Thursday, October 3, 2013

Empira

 
            I got an automated call on June 29, instructing me to stay on the line for important information about my health benefits.  I was tempted to hang up, but, since I was the health benefits coordinator at work, I thought I should listen in case there were something I might need to pass on to our employees…either information or a warning.  When a woman came on the line, she said her name was Empira, and that she worked for Magellan Health Services, and did I know what services Magellan provided?  Actually, I am one of very few people in our school system who does know that Magellan handles the mental health care portion of our medical benefits, and I told her so. She said that was correct, and she started to list the various services they offered (Behavioral Counseling, blah, blah, blah…).  My head was flipping through my mental Rolodex, trying to think of some need I might have for the services of mental health professionals.  Empira???  Not even in The Twilight Saga had I come across that name.

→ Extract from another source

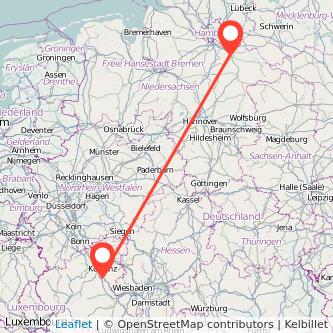 Lüneburg Boppard Bahn Karte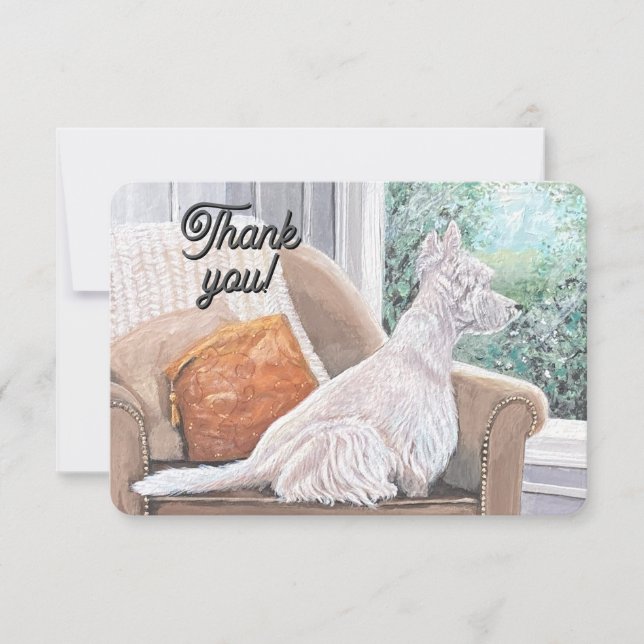 Tittar ut ett fönster tack kort (Framsida)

            I interrupted her to ask why she was specifically calling me.  She told me that she was told I had made some prescription claims and asked me if either my husband or I were taking any prescription drugs.  I said we were.  Then she asked me if we were taking any psychotropic drugs, evading my question.  By this time, I was getting pretty miffed, and I asked her again why she was calling me, specifically.  She tried again to ask me what I was taking, and I told her we took lots of prescription drugs, but none of them are psychotropic, and I demanded to know why she was calling me.
            In a way, I felt sorry for her, since privacy concerns prevented my health plan from telling Empira why exactly she was calling me...or what specific services she should offer me.  All she knew was that some prescription I had filled initiated the call.
            I told her I thought the call was creepy and that I would not answer her questions about my prescriptions…or my husband’s.  For Horizon to tell her to call me to try to find out why she was calling me, was, well, creepy.  She replied that a generic letter would be going out to me in a few days.
            After I hung up, I realized the cancer drugs I was taking probably instigated the call, and they might have thought I was depressed.  When the letter arrived, it had a case number on it, and it was offering me some sort of behavioral services, if I requested them.  Nowhere was there a name or address of anyone I could write to tell them how creepy I thought they were.  When I showed the letter to my boss, Kevin, he theorized that Magellan got the contract from Horizon to provide cancer management services.
            Oh.
            If I get any more of those calls, however, I might well need the services of a mental health professional!  And perhaps that person might have a name more like, say, Brenda or Margaret.